Records from a data source:
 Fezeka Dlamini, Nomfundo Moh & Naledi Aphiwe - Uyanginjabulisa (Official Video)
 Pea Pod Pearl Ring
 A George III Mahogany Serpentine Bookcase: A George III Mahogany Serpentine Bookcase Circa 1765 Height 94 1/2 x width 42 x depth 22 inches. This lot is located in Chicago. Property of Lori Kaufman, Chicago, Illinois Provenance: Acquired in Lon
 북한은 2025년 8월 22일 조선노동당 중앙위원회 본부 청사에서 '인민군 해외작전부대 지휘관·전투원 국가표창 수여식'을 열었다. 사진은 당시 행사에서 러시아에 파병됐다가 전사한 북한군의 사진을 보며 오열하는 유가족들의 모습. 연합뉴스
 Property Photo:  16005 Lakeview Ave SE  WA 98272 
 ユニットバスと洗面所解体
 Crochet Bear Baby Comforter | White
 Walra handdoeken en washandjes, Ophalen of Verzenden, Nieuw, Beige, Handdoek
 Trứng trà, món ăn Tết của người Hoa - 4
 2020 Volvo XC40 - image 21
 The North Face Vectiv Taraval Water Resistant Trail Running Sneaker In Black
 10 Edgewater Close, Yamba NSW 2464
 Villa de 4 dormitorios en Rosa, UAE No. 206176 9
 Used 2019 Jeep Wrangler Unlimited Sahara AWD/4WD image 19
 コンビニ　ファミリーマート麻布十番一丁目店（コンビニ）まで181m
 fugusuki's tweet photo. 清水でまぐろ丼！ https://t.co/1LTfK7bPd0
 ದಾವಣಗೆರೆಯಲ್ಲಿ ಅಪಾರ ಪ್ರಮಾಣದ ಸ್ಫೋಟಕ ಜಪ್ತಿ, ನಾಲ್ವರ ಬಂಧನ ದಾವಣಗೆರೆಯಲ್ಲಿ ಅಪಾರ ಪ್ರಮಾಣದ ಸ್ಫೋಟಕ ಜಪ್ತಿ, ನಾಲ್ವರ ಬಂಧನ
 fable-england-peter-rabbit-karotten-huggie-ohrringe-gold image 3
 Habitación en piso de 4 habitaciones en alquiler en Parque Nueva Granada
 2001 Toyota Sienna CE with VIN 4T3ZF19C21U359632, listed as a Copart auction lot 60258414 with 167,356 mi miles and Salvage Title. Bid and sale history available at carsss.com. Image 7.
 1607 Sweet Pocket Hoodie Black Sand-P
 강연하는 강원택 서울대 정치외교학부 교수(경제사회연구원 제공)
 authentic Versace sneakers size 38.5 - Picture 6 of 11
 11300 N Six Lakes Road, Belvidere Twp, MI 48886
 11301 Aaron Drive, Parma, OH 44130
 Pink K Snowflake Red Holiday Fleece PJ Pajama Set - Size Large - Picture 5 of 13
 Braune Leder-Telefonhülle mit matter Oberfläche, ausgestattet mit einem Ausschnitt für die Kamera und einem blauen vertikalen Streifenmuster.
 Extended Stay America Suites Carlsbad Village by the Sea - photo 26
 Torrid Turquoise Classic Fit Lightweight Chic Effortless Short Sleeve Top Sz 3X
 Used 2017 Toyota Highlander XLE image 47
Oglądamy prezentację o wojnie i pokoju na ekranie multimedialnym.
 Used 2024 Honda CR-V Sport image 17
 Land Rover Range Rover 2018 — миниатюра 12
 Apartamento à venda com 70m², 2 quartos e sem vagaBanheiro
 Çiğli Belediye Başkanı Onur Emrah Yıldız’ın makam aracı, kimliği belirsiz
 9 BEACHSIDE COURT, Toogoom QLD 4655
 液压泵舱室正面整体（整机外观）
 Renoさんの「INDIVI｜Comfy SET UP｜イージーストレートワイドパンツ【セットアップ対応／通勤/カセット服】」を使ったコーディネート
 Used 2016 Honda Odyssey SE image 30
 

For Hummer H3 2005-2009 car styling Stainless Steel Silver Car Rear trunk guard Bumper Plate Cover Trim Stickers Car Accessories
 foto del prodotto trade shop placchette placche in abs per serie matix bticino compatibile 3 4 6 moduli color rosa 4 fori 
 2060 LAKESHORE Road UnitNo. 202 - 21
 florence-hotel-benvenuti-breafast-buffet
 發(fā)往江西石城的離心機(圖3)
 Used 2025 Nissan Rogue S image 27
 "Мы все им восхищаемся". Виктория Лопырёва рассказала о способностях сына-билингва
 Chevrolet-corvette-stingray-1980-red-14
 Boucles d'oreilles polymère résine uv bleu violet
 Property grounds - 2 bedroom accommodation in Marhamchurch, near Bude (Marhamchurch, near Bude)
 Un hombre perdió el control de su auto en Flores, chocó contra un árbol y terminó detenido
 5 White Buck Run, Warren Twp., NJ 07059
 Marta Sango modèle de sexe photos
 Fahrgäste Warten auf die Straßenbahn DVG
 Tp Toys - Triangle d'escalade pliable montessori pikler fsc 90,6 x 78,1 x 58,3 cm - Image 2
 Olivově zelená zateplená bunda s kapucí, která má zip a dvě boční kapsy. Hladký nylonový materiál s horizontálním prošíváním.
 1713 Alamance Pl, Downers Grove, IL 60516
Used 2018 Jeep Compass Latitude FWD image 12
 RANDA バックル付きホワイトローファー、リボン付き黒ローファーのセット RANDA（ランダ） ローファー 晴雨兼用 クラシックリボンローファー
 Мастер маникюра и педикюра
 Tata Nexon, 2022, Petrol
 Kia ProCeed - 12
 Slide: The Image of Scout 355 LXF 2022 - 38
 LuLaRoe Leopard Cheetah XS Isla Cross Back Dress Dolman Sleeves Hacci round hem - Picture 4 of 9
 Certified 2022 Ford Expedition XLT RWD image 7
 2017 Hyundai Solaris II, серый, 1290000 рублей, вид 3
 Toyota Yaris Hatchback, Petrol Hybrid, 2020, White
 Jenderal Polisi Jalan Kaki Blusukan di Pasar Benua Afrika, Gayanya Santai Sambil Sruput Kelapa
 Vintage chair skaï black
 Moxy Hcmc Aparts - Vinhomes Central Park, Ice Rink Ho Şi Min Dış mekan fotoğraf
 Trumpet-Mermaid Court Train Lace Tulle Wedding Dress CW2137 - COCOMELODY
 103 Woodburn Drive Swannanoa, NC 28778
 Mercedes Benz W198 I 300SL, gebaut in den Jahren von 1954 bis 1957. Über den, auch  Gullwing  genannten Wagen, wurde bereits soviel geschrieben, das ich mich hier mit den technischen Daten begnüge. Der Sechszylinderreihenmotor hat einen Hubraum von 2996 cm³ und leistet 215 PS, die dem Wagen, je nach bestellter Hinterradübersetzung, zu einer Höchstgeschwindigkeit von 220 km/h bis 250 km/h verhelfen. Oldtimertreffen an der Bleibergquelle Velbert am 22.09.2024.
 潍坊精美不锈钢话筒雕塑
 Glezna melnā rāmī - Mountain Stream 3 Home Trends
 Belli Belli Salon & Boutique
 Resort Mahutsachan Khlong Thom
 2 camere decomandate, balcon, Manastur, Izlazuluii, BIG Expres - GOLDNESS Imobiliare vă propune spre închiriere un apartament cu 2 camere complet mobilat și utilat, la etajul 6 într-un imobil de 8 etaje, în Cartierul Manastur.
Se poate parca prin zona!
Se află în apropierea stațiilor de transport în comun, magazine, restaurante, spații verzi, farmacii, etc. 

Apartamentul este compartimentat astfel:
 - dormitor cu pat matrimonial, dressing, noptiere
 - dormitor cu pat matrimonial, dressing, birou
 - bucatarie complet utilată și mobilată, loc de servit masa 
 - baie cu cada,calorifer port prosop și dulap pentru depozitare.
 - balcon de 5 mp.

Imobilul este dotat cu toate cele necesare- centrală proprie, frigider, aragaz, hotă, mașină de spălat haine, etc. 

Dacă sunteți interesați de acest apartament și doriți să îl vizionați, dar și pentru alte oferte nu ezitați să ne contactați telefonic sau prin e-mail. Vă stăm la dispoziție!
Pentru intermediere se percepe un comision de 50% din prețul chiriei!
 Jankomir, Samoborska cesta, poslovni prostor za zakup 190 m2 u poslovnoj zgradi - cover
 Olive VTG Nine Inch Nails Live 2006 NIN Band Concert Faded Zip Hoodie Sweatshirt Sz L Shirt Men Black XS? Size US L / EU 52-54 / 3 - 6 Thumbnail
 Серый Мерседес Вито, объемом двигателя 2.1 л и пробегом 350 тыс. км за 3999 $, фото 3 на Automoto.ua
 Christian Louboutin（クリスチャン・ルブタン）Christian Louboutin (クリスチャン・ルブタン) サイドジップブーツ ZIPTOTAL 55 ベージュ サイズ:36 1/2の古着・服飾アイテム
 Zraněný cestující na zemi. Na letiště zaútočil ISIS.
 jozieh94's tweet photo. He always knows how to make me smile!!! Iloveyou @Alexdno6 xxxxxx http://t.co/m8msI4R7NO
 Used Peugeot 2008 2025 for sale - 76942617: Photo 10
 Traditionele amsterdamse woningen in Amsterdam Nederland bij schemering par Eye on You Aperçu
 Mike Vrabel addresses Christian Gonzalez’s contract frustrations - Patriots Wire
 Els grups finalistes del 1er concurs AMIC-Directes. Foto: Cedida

_What you have to do_
Look for the string "complet" in the records, and copy every line where it is found.

_Result_
 2 camere decomandate, balcon, Manastur, Izlazuluii, BIG Expres - GOLDNESS Imobiliare vă propune spre închiriere un apartament cu 2 camere complet mobilat și utilat, la etajul 6 într-un imobil de 8 etaje, în Cartierul Manastur.
 - bucatarie complet utilată și mobilată, loc de servit masa 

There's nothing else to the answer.